29er review by Peter Haile

This just came in from Peter for the 29er I built him recently, here is a picture, click it to go to Flickr for more. Peter is on his way east back to his college for another season of education and bike racing. Good luck Peter.

The Fastest Bike in the World
Review of my Yipsan 29'er

To start I'll go over the numbers 71.5 degree headtube angle, 12.4 inch bottom bracket height, chainring clearance to run a road double, 24.7 inch top tube, 20 inch seatube (c-t), 4.5" headtube. This roughly translates into a slack angled, mid center of gravity, easily lofted bike. I am six feet tall and 170 lbs I've had trouble getting 29'ers to fly in the past, they seemed stuck to the ground and unwilling to change direction quickly or toss caution to the wind. They seemed timid and bulky, slow and weak. I can tell you that this bike has overcome all of those issues. Airtime is readily available, and the bike is the perfect combination of stability and flickablility for me. While this might not work for someone else, I believe that is one of the advantages of a custom bike; it is fit, designed, and built specifically for your body and for your needs.
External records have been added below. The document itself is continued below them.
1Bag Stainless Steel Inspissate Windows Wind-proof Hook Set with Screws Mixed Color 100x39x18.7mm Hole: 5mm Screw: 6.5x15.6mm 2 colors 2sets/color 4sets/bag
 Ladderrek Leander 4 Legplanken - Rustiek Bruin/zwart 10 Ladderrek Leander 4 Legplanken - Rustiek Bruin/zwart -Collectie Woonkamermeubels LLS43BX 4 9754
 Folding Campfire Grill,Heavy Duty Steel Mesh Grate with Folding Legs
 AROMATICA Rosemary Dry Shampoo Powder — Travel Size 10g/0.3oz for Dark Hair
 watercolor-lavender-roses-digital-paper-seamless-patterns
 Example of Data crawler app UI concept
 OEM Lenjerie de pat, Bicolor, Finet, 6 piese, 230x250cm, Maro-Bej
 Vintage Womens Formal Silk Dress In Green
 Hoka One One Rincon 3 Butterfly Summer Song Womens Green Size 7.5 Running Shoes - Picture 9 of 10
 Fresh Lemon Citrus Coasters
As far as the cockpit goes I run flat Salsa 17 degree sweep 680mm bars on a 90mm stem, some old school cane creek direct curve levers attached to the light, cheap, and reliable Avid BB7 mechanical brakes. This setup saves my wrists when enjoying arduous 6 hour rides. In the rear I have a Thomson setback seatpost attached to a Fizik Gobi perch, coupled with a 2009 80mm Reba and this bike is C-O-M-F-Y. I may run my Pace carbon fork for some of the southeast races, especially for the short tracks.

I am running a single 36 tooth chainring on a set of compact road cranks with an MRP 1x chainguide to keep everything in order. Running these cranks delivers a Q factor that blows the doors off any mountain crank. Renold put in a sweet little cut out to allow heaps of chainring clearance. The 36 is not for slackers and I may change to a 34 for the winter when I am not in as good of shape. Running a 36 gives me a low gear of 1.05-1 and a high gear of 3-1, this provides all the range I need while shedding weight and cost, and improving reliability. In the back is a X.O twist shifter and a X.9 rear derailleur handling a 12-34 cassette; solid.

I equipped this bike with XTR/Revolution/Stan's wheels with Stan's Raven tires. These wheels are so light I have to carry weights or I'll lose them to the wind, actually that's not true, but they're plenty light. The tires are semi-slicks because you have gratuitous amounts of straight line traction with any 29'er tire and there is no point carrying all that extra weight, I have found that you need to be really aggressive and lean the bike way over to get the side nobs to bite when cornering, but that is the proper way to corner anyway so no problems there.

Get to the point Peter!! How does it ride?

It is unlike any bike I've ever had, it feels very natural and fluid. I only had the bike finished for 3 days before riding in the Laramie Enduro, and although the race was a large disappointment for me this was not due to the frame in any respect. I made some tactical errors and attacked off the front way to early, I decided to attack because I was feeling really really good and there was no wind. What I did not take into account was the mental strain of leading and putting myself in a high stress environment with 3.5 hours to go, coupled with a slow flat and a broken chain (the fault of my road triple conversion into a mtb double with bashguard, has since been removed) and I ended up in 11th overall AHHHHHH. I believed I had the fitness for a top 5, but the first and second placed guys were definitely stronger then I was. I guess its a good thing I don't make a living riding bikes yet, as I still have a whole lot to learn. I had a blast during the race and would love to keep racing there year after year.

Yesterday I raced in a Laramie Mtb. Series race to whet my appetite for short intense efforts as I have been taking the summer mostly free from competition and that sort of exertion in order to bottle enthusiasm for the upcoming collegiate seasons. The course was easy to ride ,but hard to ride fast; with loose granite over hardpack and lots of high speed corners. Half the course was really fast and fun, while the other half had a lot of punchy climbs punctuated with false flats. The first lap hurt, a lot; but then I was able to get in the groove and try and reel in Trek's Eli Krahlenbuhl(sp?). I didn't end up catching him, but I ended up second and pulled a few minutes ahead of third place and local uber hoss Pedar Enger (who was under geared on his single speed) he probably would've put the hurt on Eli and I had he been on a geared bike. This race was very encouraging to me because I still didn't really know where my fitness was with my lack of racing or any intensity at all for that matter. The bike was perfect, as it is now under 25 lbs and still handles like a champ without beating the tar out of me. I am extremely excited for the upcoming Collegiate season.